Restate, exactly as written, the entries below from the line that holds "جينز مطاطي Jegging elástico" through the line that holds "家庭房, 1 张双人床 | 办公桌、熨斗/熨板、免费 WiFi、床单". Pictures are not part of the copy.

(Beginning of Provided entries)

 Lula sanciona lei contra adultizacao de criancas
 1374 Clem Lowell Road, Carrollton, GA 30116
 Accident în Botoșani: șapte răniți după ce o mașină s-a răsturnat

(End of Provided entries)
(Beginning of Provided entries)

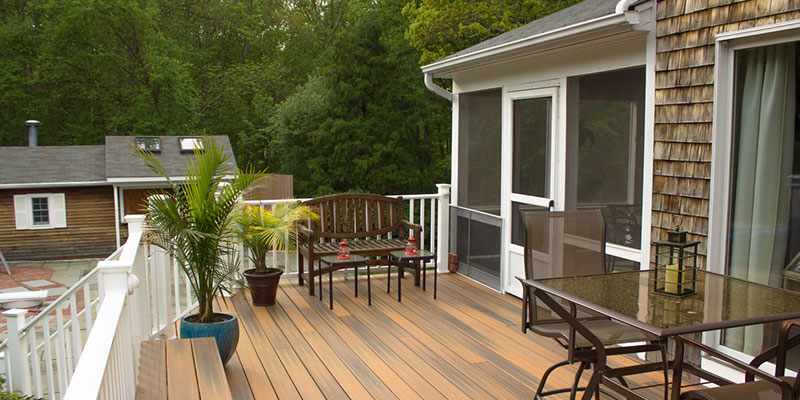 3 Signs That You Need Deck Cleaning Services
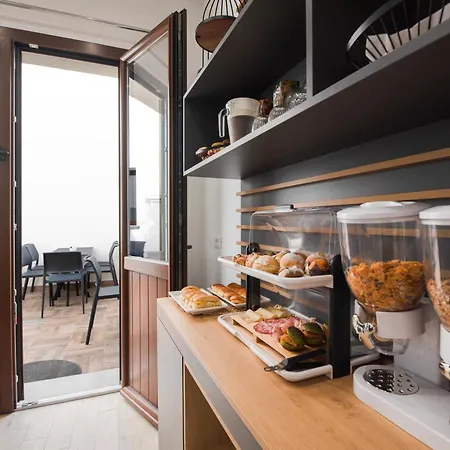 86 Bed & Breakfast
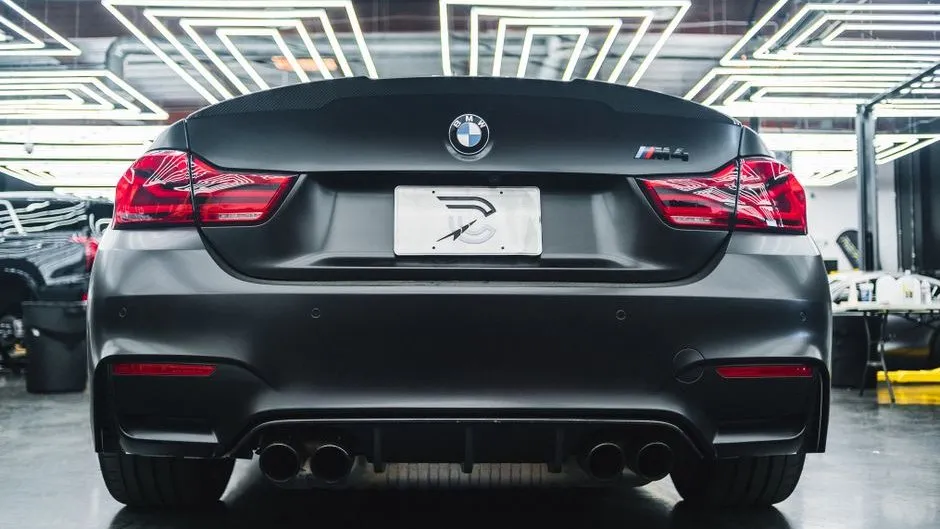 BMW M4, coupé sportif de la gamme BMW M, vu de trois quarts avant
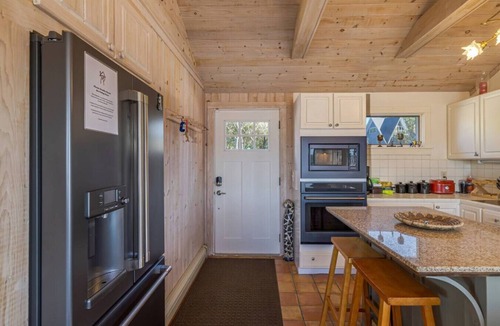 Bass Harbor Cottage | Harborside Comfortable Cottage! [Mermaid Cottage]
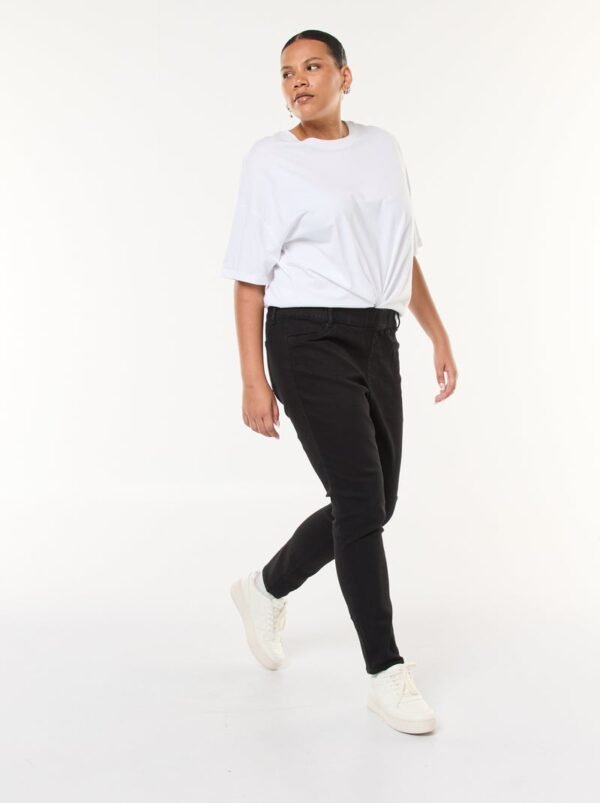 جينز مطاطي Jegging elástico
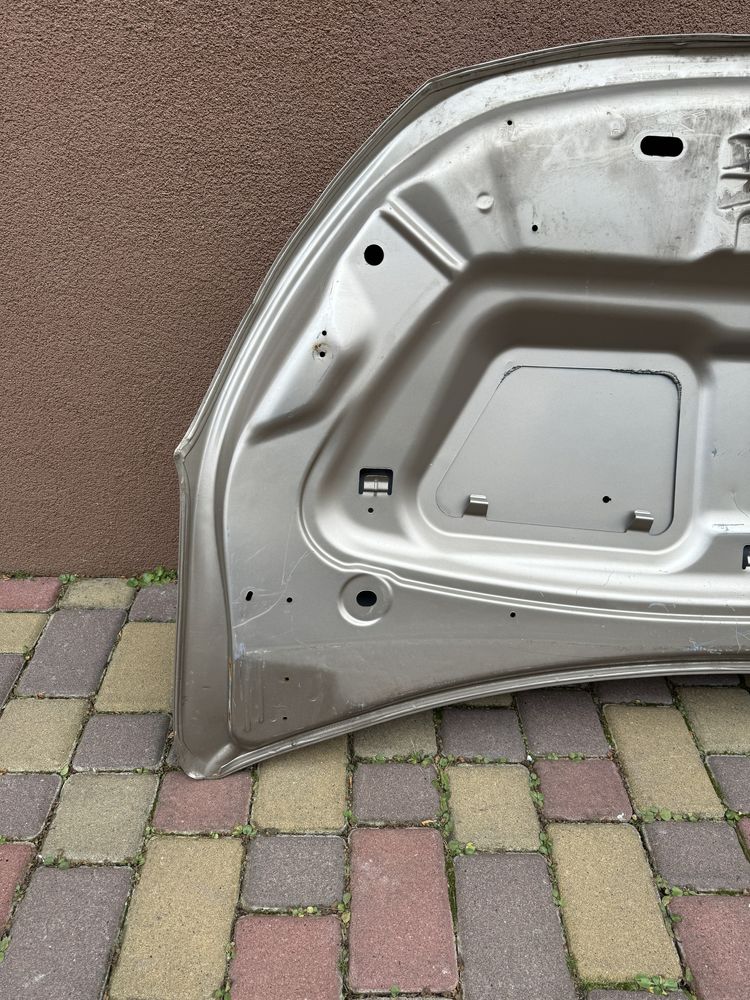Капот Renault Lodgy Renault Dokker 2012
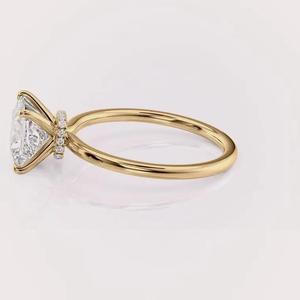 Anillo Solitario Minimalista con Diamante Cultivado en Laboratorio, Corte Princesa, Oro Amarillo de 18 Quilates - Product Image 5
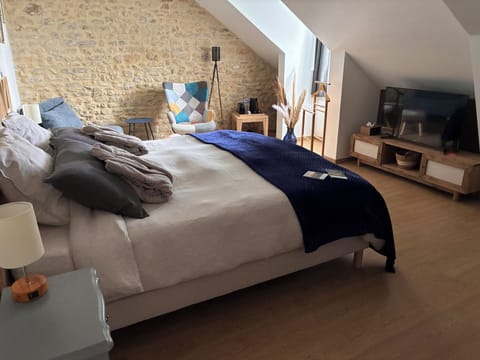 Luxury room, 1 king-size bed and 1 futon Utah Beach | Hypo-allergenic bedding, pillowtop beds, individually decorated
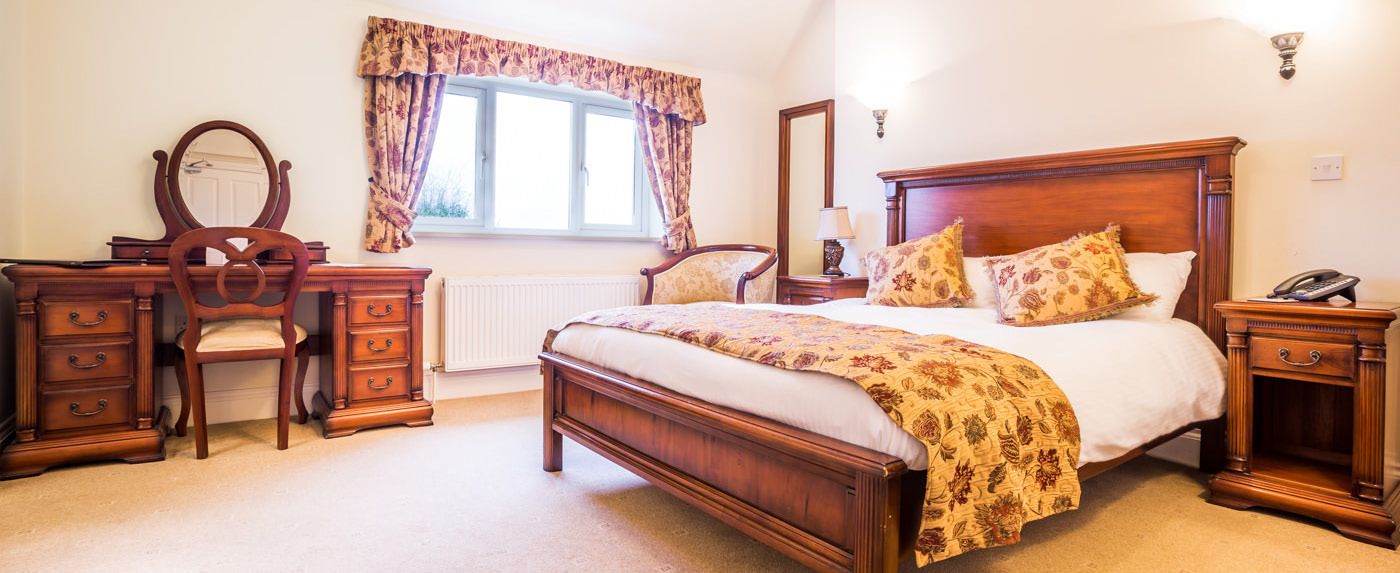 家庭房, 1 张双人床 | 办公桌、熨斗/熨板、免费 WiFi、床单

(End of Provided entries)

Solution to the exercise
 جينز مطاطي Jegging elástico
Капот Renault Lodgy Renault Dokker 2012
 Anillo Solitario Minimalista con Diamante Cultivado en Laboratorio, Corte Princesa, Oro Amarillo de 18 Quilates - Product Image 5
 Luxury room, 1 king-size bed and 1 futon Utah Beach | Hypo-allergenic bedding, pillowtop beds, individually decorated
 家庭房, 1 张双人床 | 办公桌、熨斗/熨板、免费 WiFi、床单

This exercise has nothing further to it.